Date of Report (Date of earliest event reported): APRIL 14, 1999 (APRIL 2, 1999)
                                                  ------------------------------



                   FIRST BANKING COMPANY OF SOUTHEAST GEORGIA
- --------------------------------------------------------------------------------
               (Exact name of registrant as specified in charter)



   GEORGIA                           0-10853                     58-1458268
- --------------------------------------------------------------------------------
(State or other                  (Commission File            (I.R.S. Employer
jurisdiction of                      Number)                 Identification No.)
incorporation)                                      
                                 

40 NORTH MAIN STREET, STATESBORO, GEORGIA                               30458
- --------------------------------------------------------------------------------
(Address of principal executive offices                               (Zip Code)

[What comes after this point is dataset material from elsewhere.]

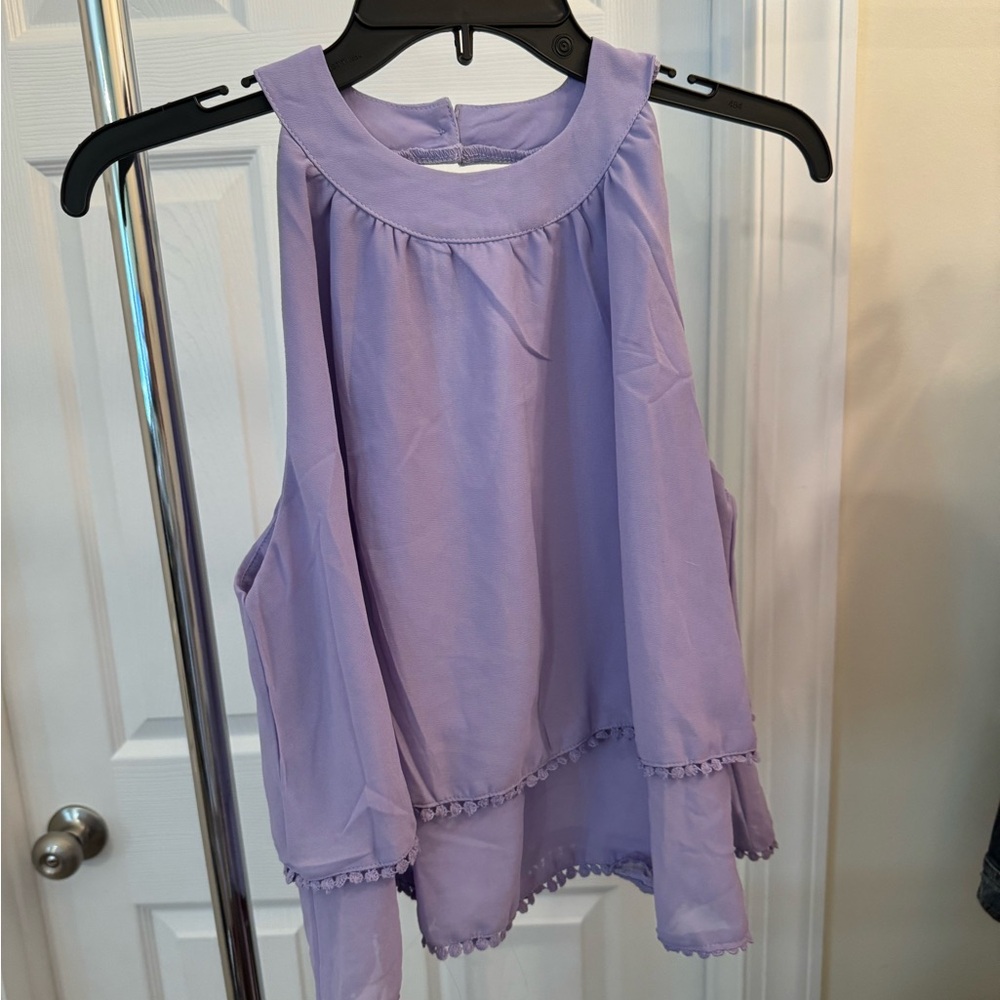 High neck top.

Registrant's telephone number, including area code:  (912) 764-6611
                                                     ---------------------------


                                 NOT APPLICABLE
- --------------------------------------------------------------------------------
         (Former name or former address, if changed since last report.)


<PAGE>   2


ITEM 5.  OTHER EVENTS

         Pursuant to an Agreement and Plan of Merger, dated as of November 30,
1998, (the "Merger Agreement"), by and between First Banking Company of
Southeast Georgia ("First Banking") and Wayne Bancorp, Inc. ("Wayne"), Wayne
merged with and into First Banking (the "Merger") on April 2, 1999 (the
"Effective Time"). First Banking was the surviving corporation in the Merger,
and the wholly owned subsidiary of Wayne became a wholly-owned subsidiary of
First Banking. At the Effective Time, each then outstanding share of the common
stock, $1.00 par value per share, of Wayne (the "Wayne Common Stock") (excluding
shares held by any Wayne entity or any First Banking entity, in each case other
than in a fiduciary capacity or as a result of debts previously contracted)
ceased to be outstanding and was converted into and exchanged for the right to
receive 1.57024 shares of the common stock, $1.00 par value per share, of First
Banking (the "First Banking Common Stock"). As a result, First Banking issued
approximately 876,264 shares of First Banking Common Stock to the former Wayne
shareholders in exchange for all of the 558,648 shares of Wayne Common Stock
that were issued and outstanding at the Effective Time (with First Banking
paying cash to the former Wayne shareholders in lieu of issuing fractional
shares of First Banking Common Stock).

         Pursuant to the Merger Agreement, J. Ashley Dukes, the former Chairman
of the Board of Wayne, will become a member of First Banking's Board of
Directors following the Effective Time.

         The foregoing is qualified in its entirety by reference to the Merger
Agreement which is hereby incorporated by reference herein.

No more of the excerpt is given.